Ce mercredi un certain SADEDE a été arreté par la police à Muyinga sur plainte du chef de colline Burima commune et province Muyinga. Sadede est accusé de perturber l’ordre sur cette colline.
Dans la nuit du mardi au mercredi, des épouses de cet homme se sont coalisées pour attaquer cet homme ayant fondé un nouveau foyer au quartier Kinyota de la ville de Muyinga. Le nouveau marié âgé de moins de 40 ans a épousé une nouvelle femme de 52 ans, la dixième d’après Célestin Nduwimana, conseiller social de l’administrateur de la commune Muyinga.
Durant toute la nuit,des jets de pierres se sont fait entendre sur le toit du nouveau couple.Sadede affirme avoir passé cette nuit dans une peur panique suite à l’intervention des jeunes Imbonerakure alertés par le chef de colline pour ceinturer son domicile.
Cet homme déclare être injustement malmené. « J’ai quatre femmes pour le moment, ma bien aimée est la cinquième », précision de Sadede, faisant semblant d’ignorer le nombre total de ses femmes.
Asmani Bucumi, grand frère à Sadede, dit qu’au total cette famille dénombre dix épouses de Sadede, quelques unes ont du plier bagage au regard de son comportement.

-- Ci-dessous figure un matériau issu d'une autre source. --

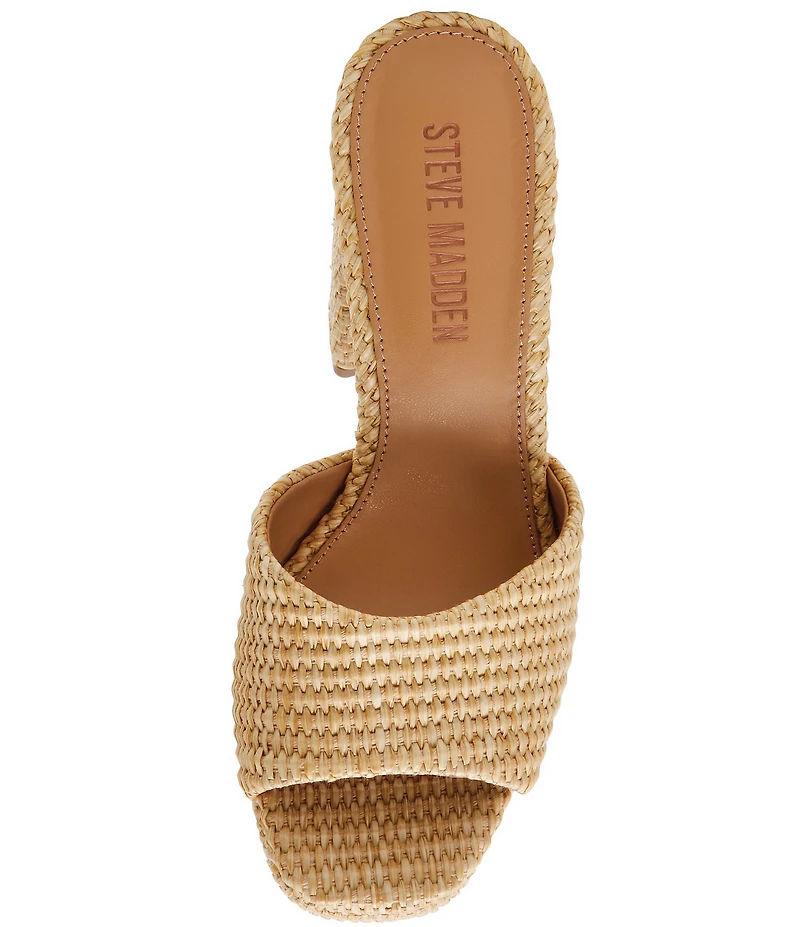 Steve Madden Joel Raffia Platform Dress Sandals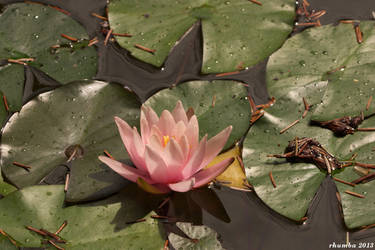 Water lily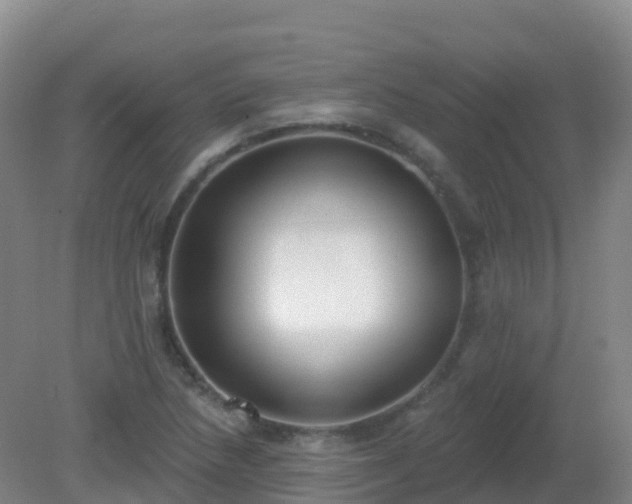 X0000081321218200701181919
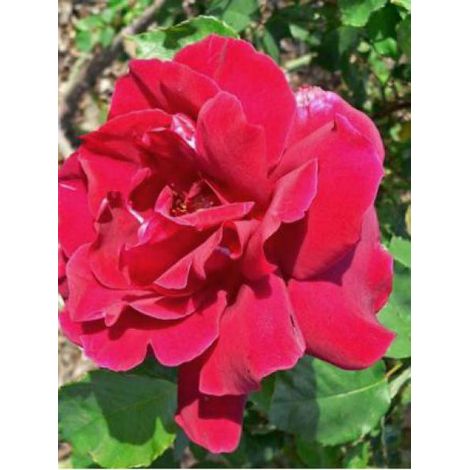 Rosier grimpant 'Etoile de Hollande' Pot de 4L/5L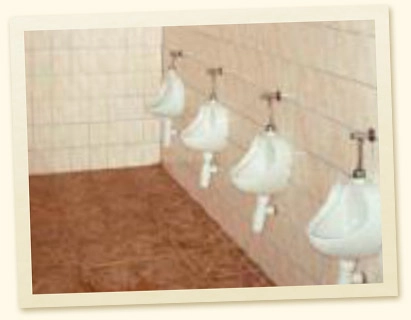 zobacz camping - zdjęcie 5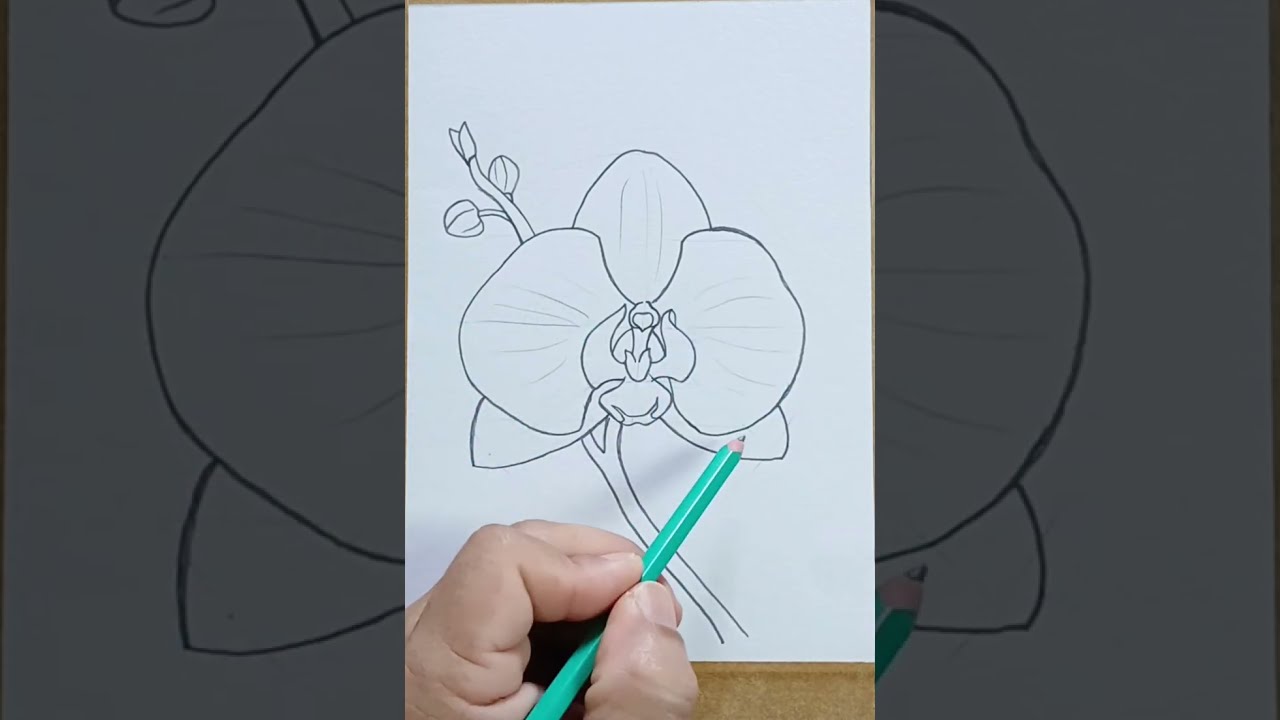 Como Desenhar flores Orquídea fácil 
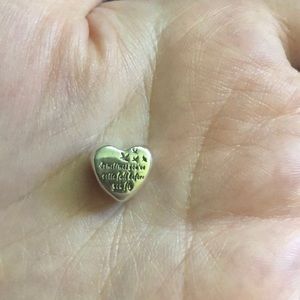 PANDORA Fall Before You Fly Charm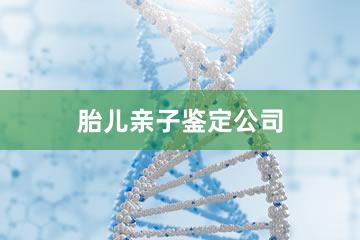 长沙胎儿亲子鉴定公司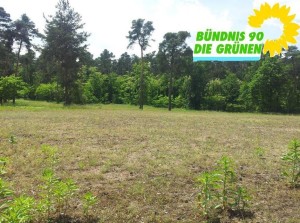 5662 - Dünen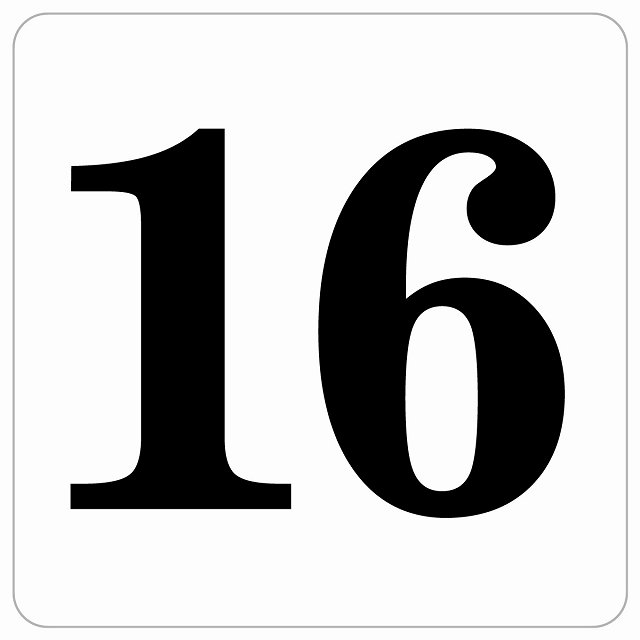【楽天市場】番号シール ナンバー シール 27x27cm ホワイト 数字 16 案内板 野球 スポーツ 道具 イベント会場 会議室 部屋番号 ...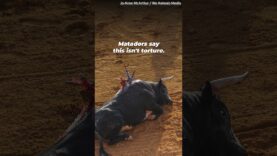 Bullfighting is Torture, NOT Tradition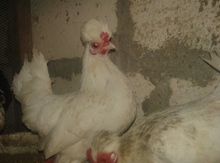 Yaponka cücəsi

Aujourd’hui,poursuit le meme membre de la famille,l’eau a débordé la vase car, pour trouver la dote de la nouvelle aimée, Sadede a vendu deux vaches appartenant aux anciennes épouses.On craint surtout pour l’avenir des enfants signifie-t-il.
{{La loi est lacunaire ; constat des administratifs à Muyinga}}
D’après Célestin NDUWIMANA Conseiller socio-administratif en commune Muyinga, l’homme arrêté en tant que source d’insécurité a vite été relaxé par la police. On l’accuse de polygamie mais d’après le code pénal burundais, Sadede n’a fait que du concubinage. Aucune des dix femmes n’est inscrite à l’état civil, fait remarquer cet administratif.
« C’est la loi qui est lacunaire », regrette M.Nduwimana. Pour lui, cet homme devrait être puni non seulement car il cause du désordre mais aussi en songeant à la maitrise de la démographie. Plus on a de femmes, plus on risque d’avoir beaucoup d’enfants.
Les conséquences de la croissance démesurée de la population sont entre autres des conflits fonciers, des enfants abandonnés par des parents…Arguments balayés du revers de la main par ce « polygame » demandant plutôt le respect de ses droits.
Sadede fait valoir son droit à avoir plusieurs femmes en tant que musulman. Quant à la maitrise de la démographie, il rappelle que sa nouvelle épouse a atteint la ménopause.Et d’ajouter qu’il a décidé d’aider cette femme, une veuve qui a jugé bon dire au revoir à ses enfants et petits enfants.
Pour certains des enfants de cette mère décidée à se remarier, cette maman aurait des troubles psychiques.